BOOK CLUB READER’S REVIEWS:
Trap of Gold and Keep Travelin’ Rider by Louis L’Amour
Reviews by Ruby Simms
“TRAP OF GOLD: Weatherton left his wife (Laura) and son (Tommy) in Horsehead and set out to search for gold. He had been gone three months before he found gold. He dug a tunnel just big enough for his body to squeeze through. He became more nervous by the day, because each time he went into the mountain, he felt the vibrations. He set a goal of $10,000.00 in gold, and then he would return to his wife and son. The gold vein he saw kept coaxing him to go back inside the tunnel. It was there for the taking. He saw it. However, each time he felt the vibrations, he noted the falling pieces of stone. This time he hurried to get out of the tight fitting tunnel. He got out of the tunnel in the nick of time, just before the rocks collapsed it all. Although the best gold was there for the taking, the love of his family drew him back to Horsehead. He took his sacks of gold and happily left the mountain feeling relieved that his life had been spared.”
“KEEP TRAVELIN’ RIDER: Tack Gentry rode up to his Uncle John’s ranch cabin. He had not been to the ranch in a long time. He was puzzled by its rundown condition since his uncle used to take pride in the appearance of his property. A stranger came out of the house. His name was Sonderman. Later in the story, the readers learn that Sonderman shot and killed Tack’s Uncle John and took over the ranch, putting his brand on John’s cattle. He told Tack that his uncle had died in a gunfight. Tack grew angry and suspicious because he knew it was a lie. Tack’s Uncle John was a Quaker who disliked violence. He never owned a gun, nor did he have the use of his right hand after having it injured at Shiloh.

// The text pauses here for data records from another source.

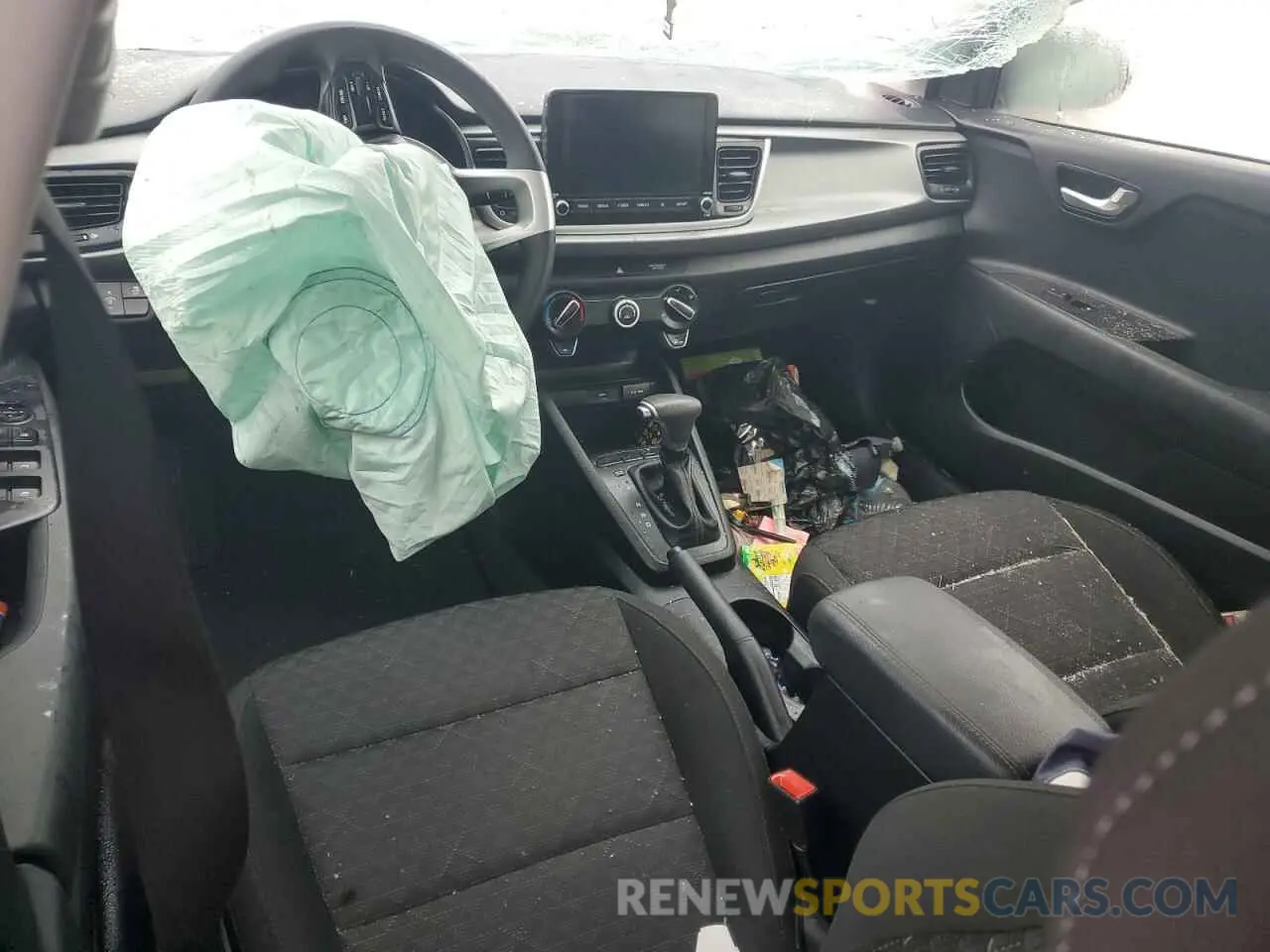 8 fotografías del automóvil dañado 3KPA24AD7PE563846 KIA RIO 2023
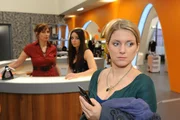 Steffi (Karin Kienzer, l.) und Paloma (Maja Maneiro, M.) beobachten, dass Anna (Jeanette Biedermann, r.) sich erneut von ihrem Arbeitsplatz entfernt.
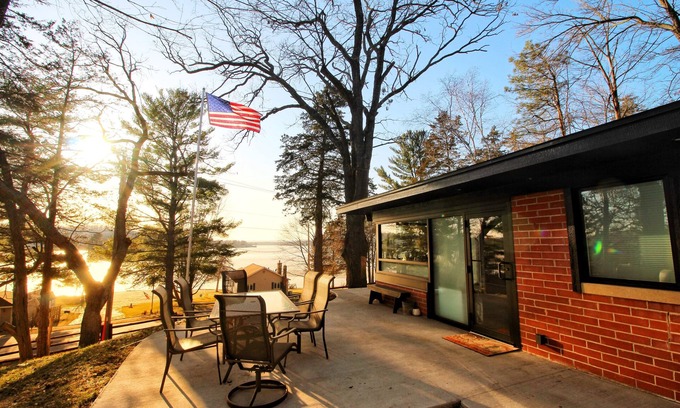 Lodi Cottage | Amazing Lake Wisconsin Views! Newly Remodeled Cottage with Modern Amenities!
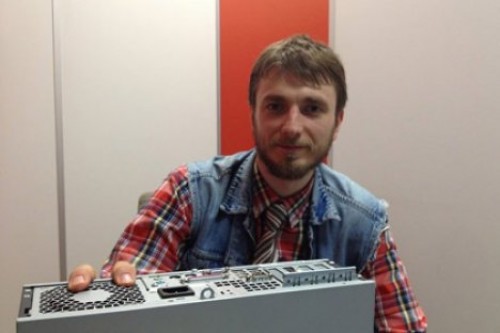В Эстонии задержали активиста, похитившего компьютер из здания парламента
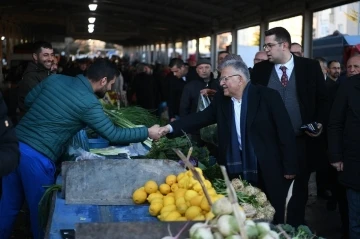 Başkan Büyükkılıç’tan Esenyurt Semt Pazarı’na ziyaret
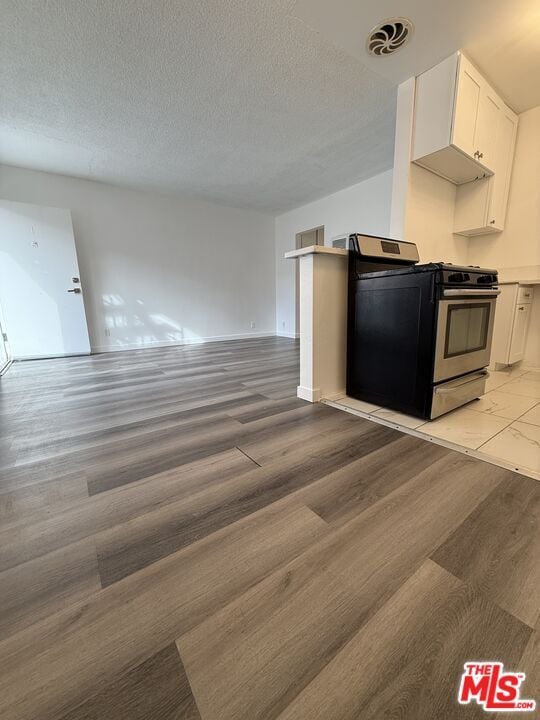 Photo - 955 1/4 N St Andrews Pl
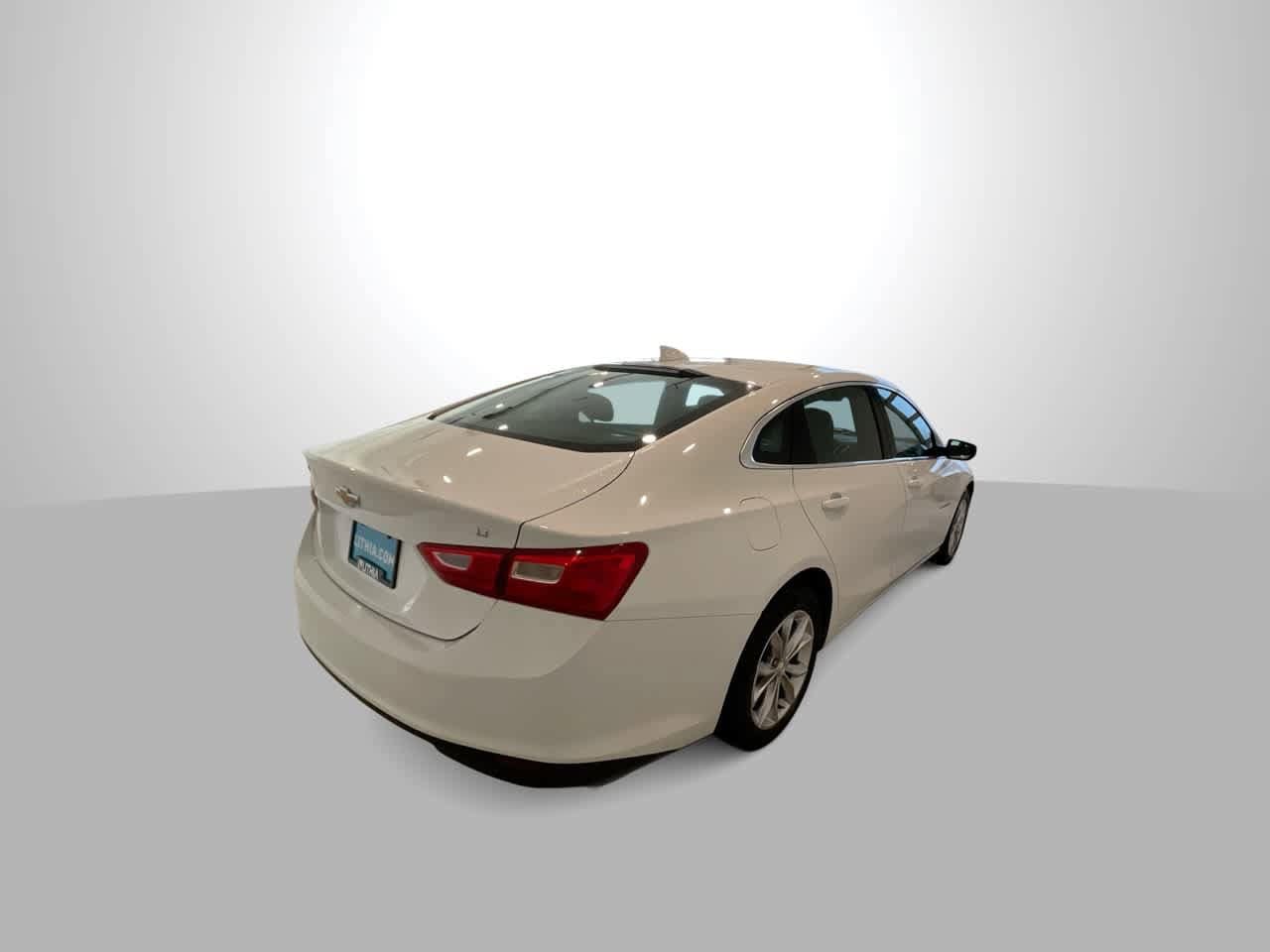 Thumbnail: 2023 Chevrolet Malibu - 8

Soderman told Tack to go into the town of Sunbonnet and tell the people he was sent by Soderman. Tack followed his instructions but was not given a friendly welcome. He was roughed up. Tack began to find out that the town folk were afraid to talk against the law in town due to the corruption. Pete Liscomb used to be the sheriff, but now Dick Olney was, and he answered to Van Harden, Soderman and the judge. They were in cahoots. Too many sudden “accidents” and lies were happening under their watch.

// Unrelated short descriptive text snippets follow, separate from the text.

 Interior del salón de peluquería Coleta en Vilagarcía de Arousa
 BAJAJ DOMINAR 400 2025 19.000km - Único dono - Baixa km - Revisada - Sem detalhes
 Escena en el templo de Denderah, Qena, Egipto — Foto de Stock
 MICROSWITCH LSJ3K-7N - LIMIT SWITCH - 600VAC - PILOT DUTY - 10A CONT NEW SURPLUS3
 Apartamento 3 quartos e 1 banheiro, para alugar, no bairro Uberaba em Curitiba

Tack Gentry had spoken to Anson Childs about the corruption. Childes was an honest attorney and wanted to go to Austin to bring back the rangers for an investigation. Word leaked out of his plans, and he was shot. Everyone thought he was dead. Tack Gentry was arrested and put in jail for murder. While in jail, flooding waters from the creek behind the jail eroded the soil from the corner of the jail building. The rains came down heavy. Tack used his belt buckle to help thin the flooring. He jumped on the thinner cement until he broke through the floor. Everyone thought he had drowned, but he went upstairs to Anson Childs’ room and hideout. Days later, he heard footsteps coming up the stairs and someone pushed the door open. There stood Childes! He survived and was able to get to the Texas rangers and bring them back to town for an investigation.”